Hi,
I bought a 950Mhz celeron a few months back thinking I could use it in my
gigabyte GA-6OX board, but I was wrong.
I'm after a board supporting PPGA celerons.. The specs for the chip can be
found here:
http://processorfinder.intel.com/scripts/details.asp?sSpec=SL5V2
It's a typical Coppermine Celeron, also known as a FC-PGA,
even though intel calls it a PPGA. It IS a PPGA, but FC-PGA
supercedes that description by providing futher detail that
it's a (F)lip (C)hip too.
Your motherboard should be able to run that CPU.
"Something" is wrong, but I couldn't guess whether it's a
motherboad, CPU, power, etc, etc problem based on info
provided.
I've checked ebay many times over, but everything I see mentions FC-PGA and
66Mhz FSB, with no mention of PPGA.
The Celerons "often" called PPGA but NOT FC-PGA were the
early mendocino celerons from 300-533MHz. They were
distinctive with brown fiber carrier (pins visable though
the top of the carrier) and nickel-plated copper heat
spreader on top, looked a lot like a Pentium (1) MMX, but
with more pins on the bottom. Those all used 66MHz FSB,
but so did the later FC-PGA Coppermines, from 533MHz (there
was overlap in 500-533MHz range) to 766MHz, then first
Coppermine with 100MHz FSB was 800MHz model.
AFAIK, ALL 815 chipset boards should run a Coppermine 850
chip. Are you certain the jumpers are correct? That either
or both parts work? That there isn't something else you've
overlooked?
The primary limitation of the 815 boards was that they could
only support 512MB of memory. Otherwise they were a fine
choice. Another alternative for Celeron 950 would be any
board with Via Apollo Pro 133(T) chipset, also known as 694X
or 694T ("T" means it also supports Tualatin but not the
Mendocino 300-533 Celerons).
If your board is similar to the one in this pic,
http://www.ixbt.com/mainboard/images/roundup-jun2k1/gigabyte-ga-6oxe-1.jpg
there's a FSB jumper below the IDE ports that might need
changed. Don't know about the other jumpers but that (and
other Gigabyte boards of that era) also used
<cough>potentially</cough> defective capacitors labeled as
(G-)Luxon. If any caps look vented that's probably the
problem... though you don't mention if the board was new or
used, tested working or not beyond with the Celery 950.

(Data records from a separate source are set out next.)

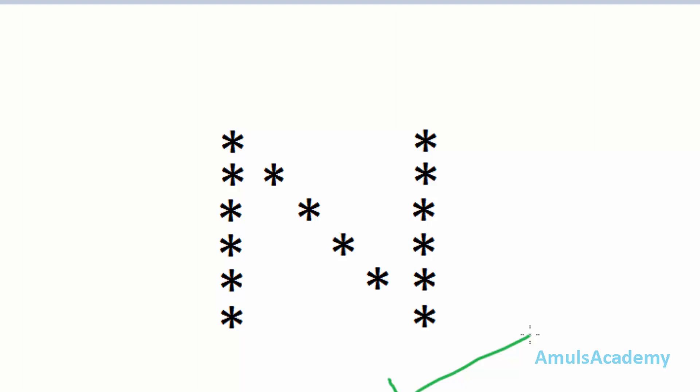Hello guys and welcome to Python programming tutorials by Amal's Academy. Today in this tutorial we are discussing about how to print stars in alphabetical N-shape, and this code is also similar to the previous pattern programs.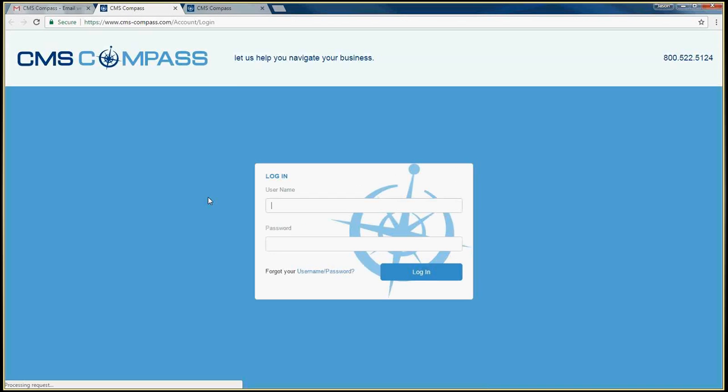Once you click on the link, you will be taken back to the login page of CMS Compass. Re-enter your current CMS Connect username and password and click Log In.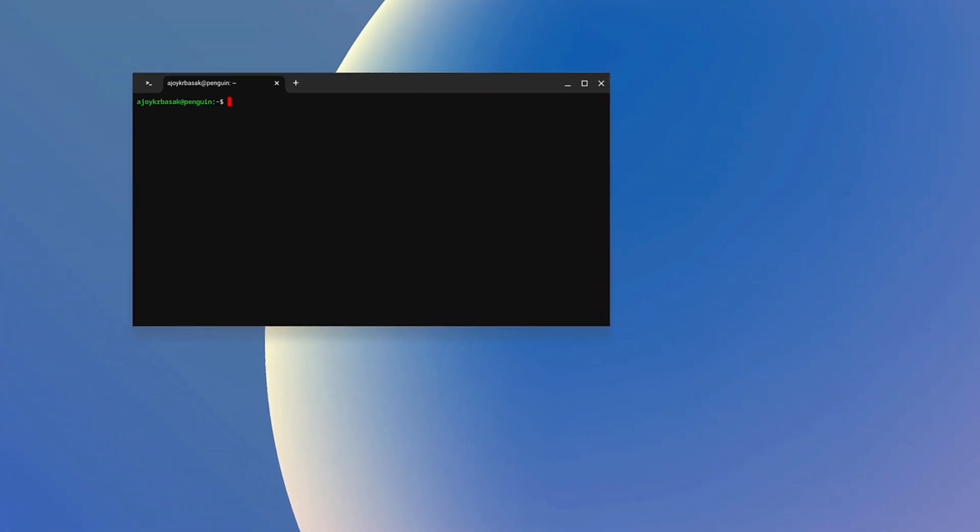Once the installation is complete, you will get the Linux terminal interface. Using this terminal, you can install Linux applications on your Chromebook.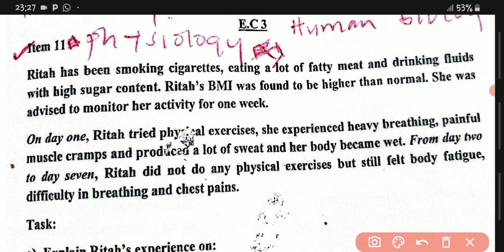On day one, Rita tried physical exercises. She experienced heavy breathing, painful muscle cramps, and produced a lot of sweat, and her body became wet. Then from day 2 to day 7, Rita did not do any physical exercises, but still felt body fatigue, difficulty in breathing, and chest pain.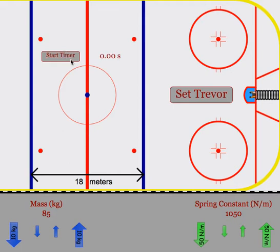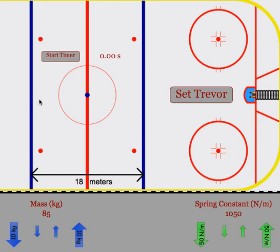Students will be changing one parameter at a time, running a few different trials with a few different values, and then they will graph to see how the changing parameter affects the speed of the hockey player moving down the ice. We then use this to talk about the transformation of elastic energy into kinetic energy.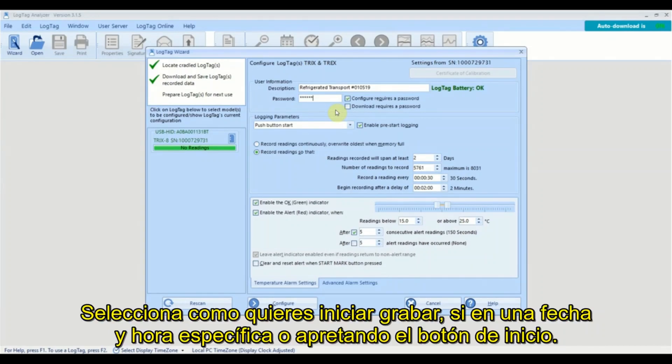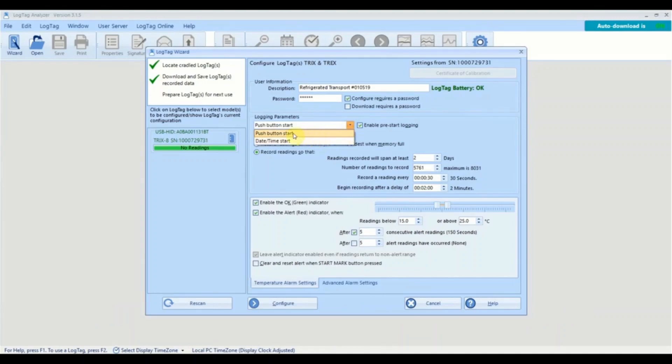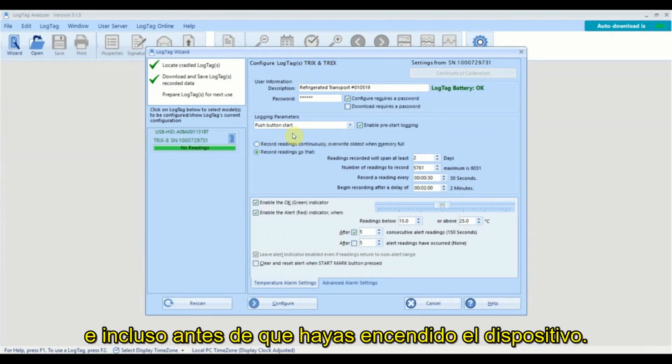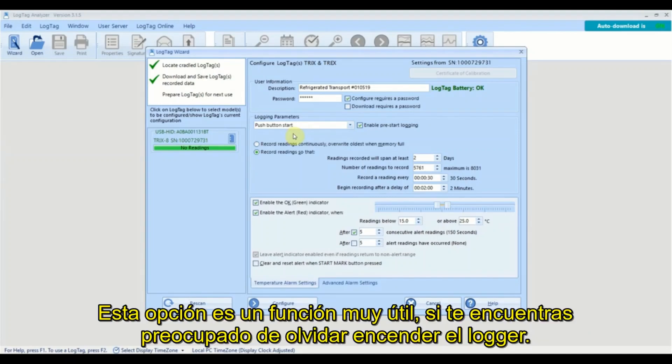Select how you wish to start recording at a specific date and time or by pushing the start button. If you enable pre-start logging, the logger will start taking readings as soon as it's configured and before you have actually started the logger. Pre-start logging is a useful feature if you are worried about forgetting to start the logger.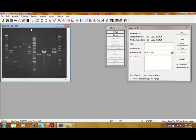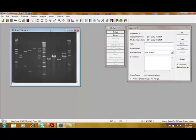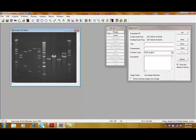It also has some issues with it that we will correct, which is very easy to do in GelPro Analyzer. So, the first step, if you have any type of rotation in the image, you can correct for that by selecting the Rotate button. In this case, the image is fairly uniform. We'll go right into Automatic Lane Detection.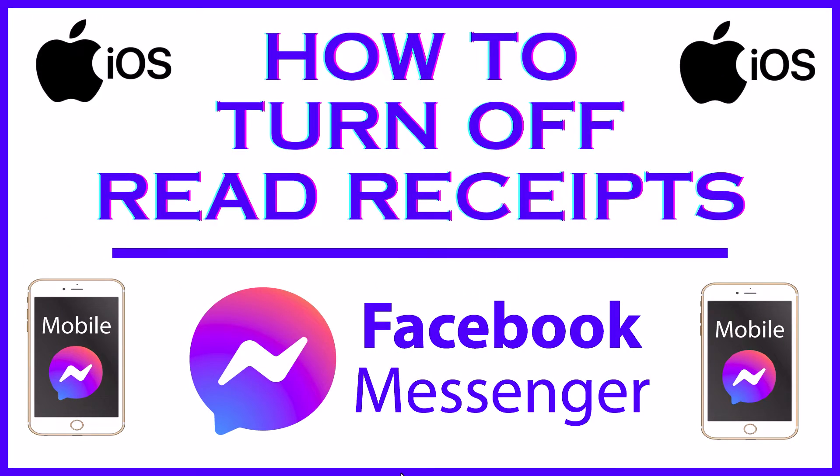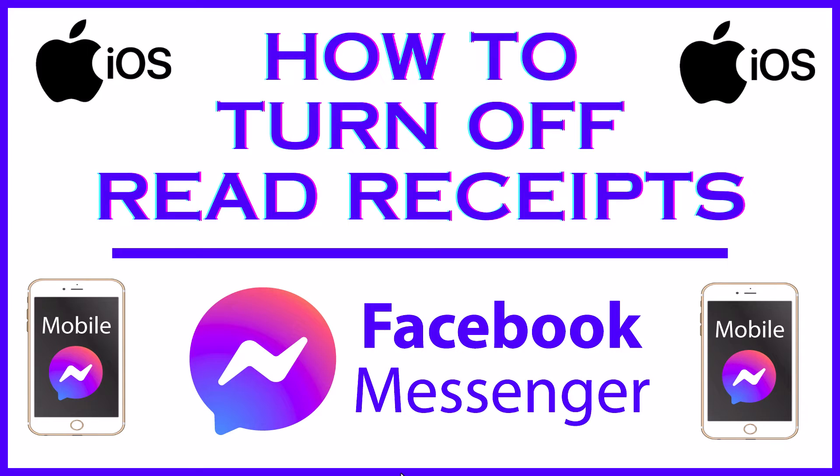This is going to be a video tutorial on how to turn off read receipts on the Facebook Messenger app using an iOS device. Let me jump over to my iPhone here.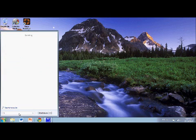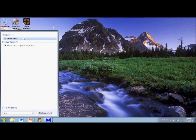What you want to type is just type in snip, S-N-I-P, and it will be the first program that shows up.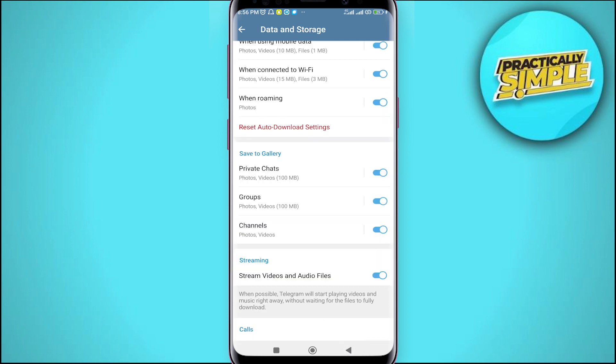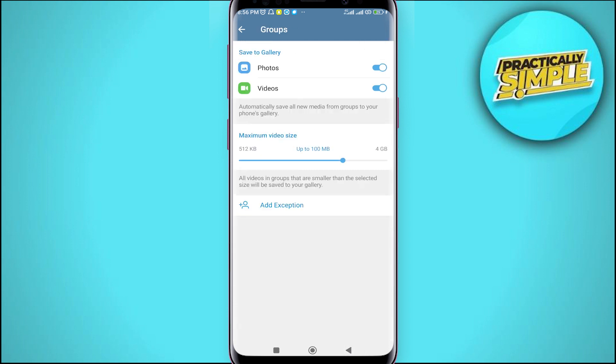Now go back, tap on these groups and again the same option, you can increase it and you have to make sure these toggles are on.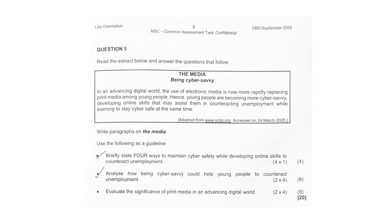Regarding entrepreneurship and self-employment — young people with strong levels of digital literacy can create online businesses such as e-commerce stores or maybe app development ventures. These skills help them generate income independently instead of waiting for traditional levels of employment. Evaluate the significance of print media in advancing the digital world — two big points: continuing relevance and accessibility for everyone. Print media remains significant in rural or underdeveloped areas where internet access is extremely limited, and newspapers and magazines still provide information to populations typically excluded from digital platforms, ensuring inclusivity. The second big one is trust and credibility — print media is often regarded as more reliable because it undergoes strict editorial checks compared to the rapid, sometimes unverified nature of online content.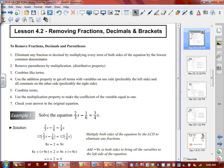We are at 4.2. We're going to remove fractions and decimals and parentheses. Parentheses, another word for parentheses is brackets. So we're removing brackets from equations.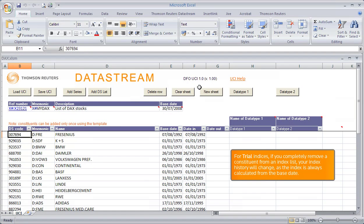For trial indices, if you completely remove a constituent from an index list, your index history will change as the index is always calculated from the base date.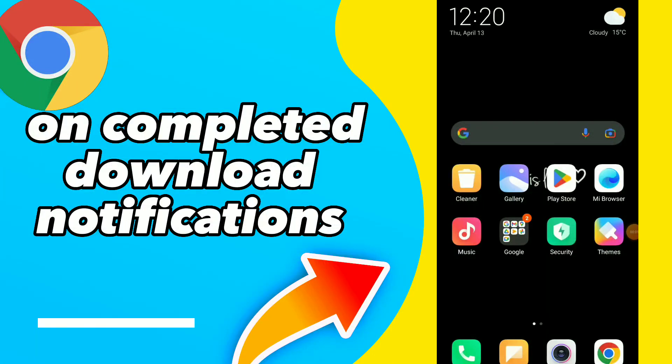How to turn on completed downloads notifications. Hi guys, in this video I will show you how to turn on completed downloads notifications.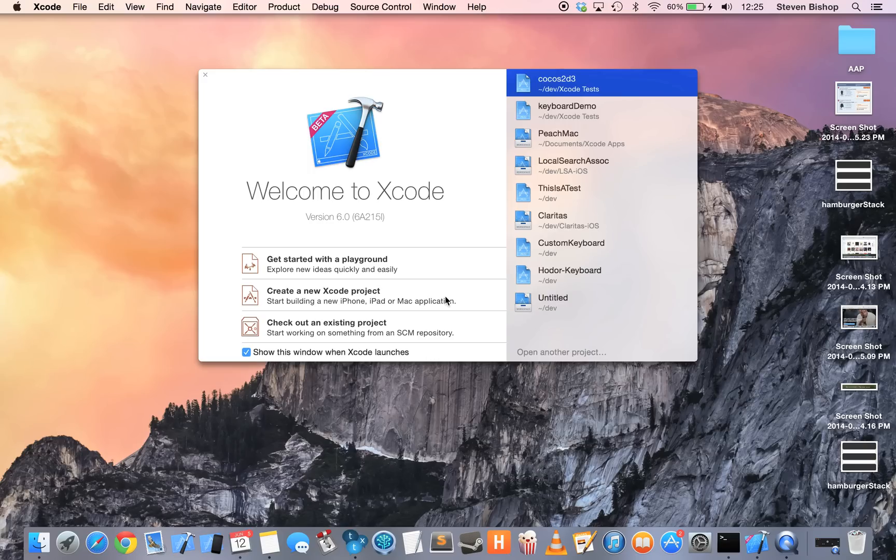Hey guys, so today I'm going to be showing you just how easy it is to create your own custom keyboard with Xcode 6 and iOS 8.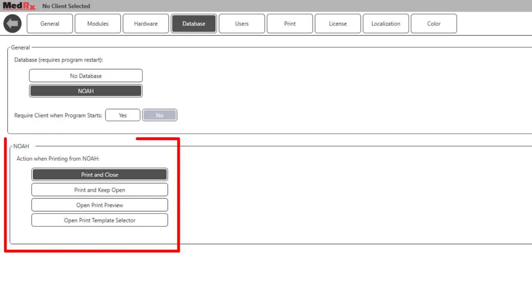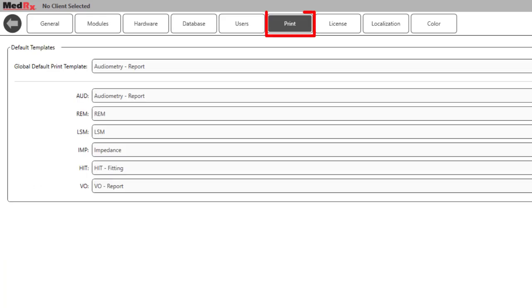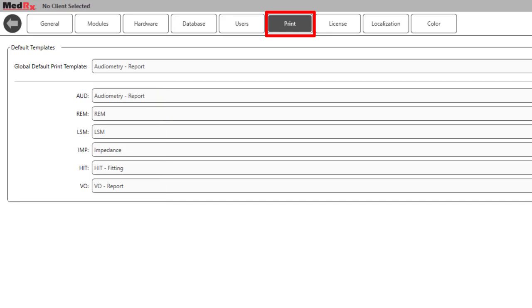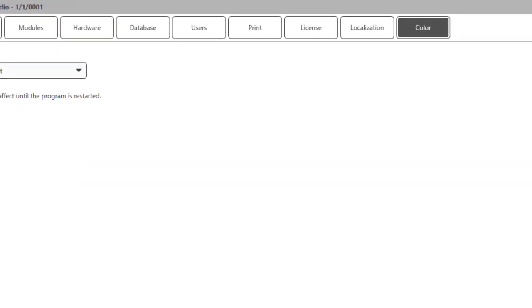The NOAA option determines what will occur when printing a report from NOAA. The Print tab allows users to assign default print templates by module and a default Studio Global template. The templates assigned will print when the Direct Print button is selected.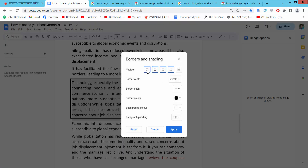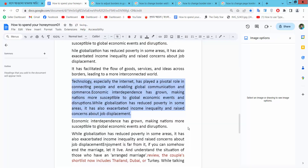Deactivate the border as it is, and simply select Apply. The border is now gone.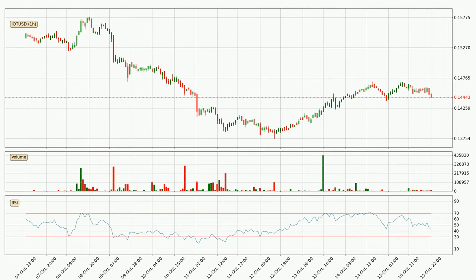Moving to the hourly relative strength index, the current hourly RSI is at 42, so it doesn't show signs of overbought or oversold conditions at this point. On the lookout for divergences in the hourly time frame, there was a bearish divergence and the price already went down.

Otherwise, there were heaps of boards back in the coppermine
era, partly why i mentioned the two/three chipsets, as it's
not too easy to provide a comprehensive list of them all,
but particularly the MSI and Asus from that era were good,
as the Gigabyte and Abit were having a few capacitor issues
during that period... otherwise they'd have been good
choices too. 810(E?) chipset boards should work, IIRC, but
there's no good reason to choose one today, and 820 if you
have some spare rambus memory lying around, but I altogether
avoided 820 boards and have no advice on those. Given a
choice I'd go with a Via Apollo Pro 133T (694T) based board,
because they had decent performance and the following
features beyond what some others had:
- ATA100
- AGP4X Universal Slot
- Support 512MB PC100/133 per slot 2(?)GB total.
- Most likely to have bios update for larger HDD support.
- Most likely to have bios update for Win2k/XP power
management support.
ebay is a gamble on used parts like these, you might find
something at a surplus-computer-parts type site, though i
have no idea who'd have something like that these days.